Ebert on O’Hehir’s ‘Conspiracy Theory’ About the Christian Director of ‘Secretariat’

Posted on October 8, 2010 at 7:36 am

Roger Ebert has a superb rebuttal to Andrew O’Hehir’s review of “Secretariat” in Salon. Ebert is careful to say that he respects O’Hehir but that this review goes far beyond the usual disagreements about taste and aesthetics. O’Hehir read into the film a political and religious agenda that cannot be supported, simply because the director is a Christian.

Andrew O’Hehir of Salon is a critic I admire, but he has nevertheless written a review of “Secretariat” so bizarre I cannot allow it to pass unnoticed. I don’t find anywhere in “Secretariat” the ideology he discovers there. In its reasoning, his review resembles a fevered conspiracy theory.

O’Hehir criticizes the film for omitting other events of the era though an important plot element concerns the main character’s support for her daughter’s protest of the Vietnam War and a theme of the film is her struggle against the sexism of the time. He actually calls the film “a work of creepy, half-hilarious master-race propaganda almost worthy of Leni Riefenstahl” and brings in references not just to Nazis but to the Klu Klux Klan and to the Tea Party and Glenn Beck.
It’s bad enough to criticize a movie for failing to address every single issue of its era (even if that were possible in a two-hour time slot, it would bury the narrative). It is preposterous to criticize the movie for giving an “evil” name to the rival horse when that was the actual horse’s name. It is offensive to attribute malevolent intentions to a film because the director is Christian. And it is even more offensive to claim that values like dedication and the pursuit of excellence are exclusive to any one religion or political party.
Ebert writes:

O’Hehir mentions that Randall Wallace, who directed the film, “is one of mainstream Hollywood’s few prominent Christians, and has spoken openly about his faith and his desire to make movies that appeal to ‘people with middle-American values’.” To which I respond: I am a person with middle-American values, and the film appealed to me. This news just in: There are probably more liberals with middle-American values than conservatives, especially if your idea of middle-American values overlaps with the Beatitudes, as mine does.

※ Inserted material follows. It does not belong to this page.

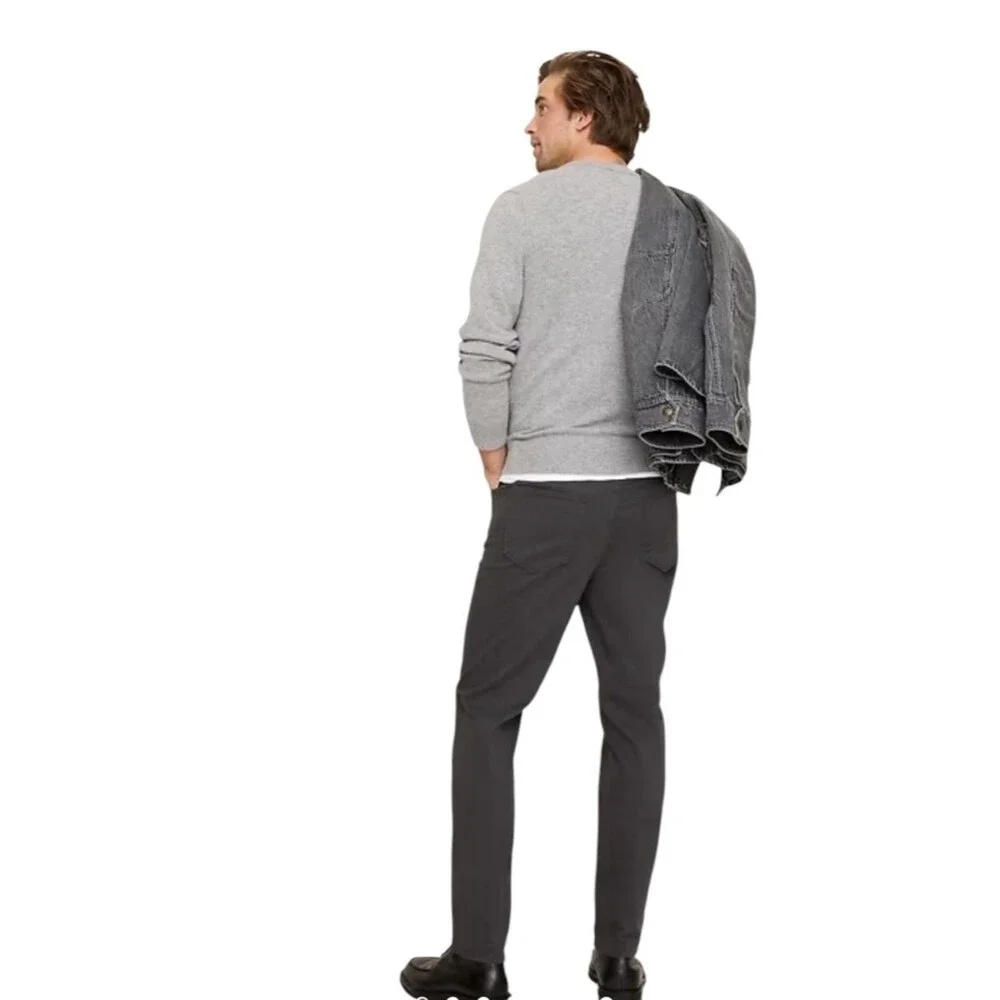 Banana Republic Men's Traveler Slim Fit Charcoal Gray Jeans 33x30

NOTE: O’Hehir has responded to Ebert, saying that “my review of the film was willfully hyperbolic, even outrageous, in hopes of getting people to look at a formulaic Disney sports movie through fresh eyes.” Because there is no easy way to link to his response directly and I believe he makes some good points, I am going to include the full text of his post and Ebert’s reply here:

(more…)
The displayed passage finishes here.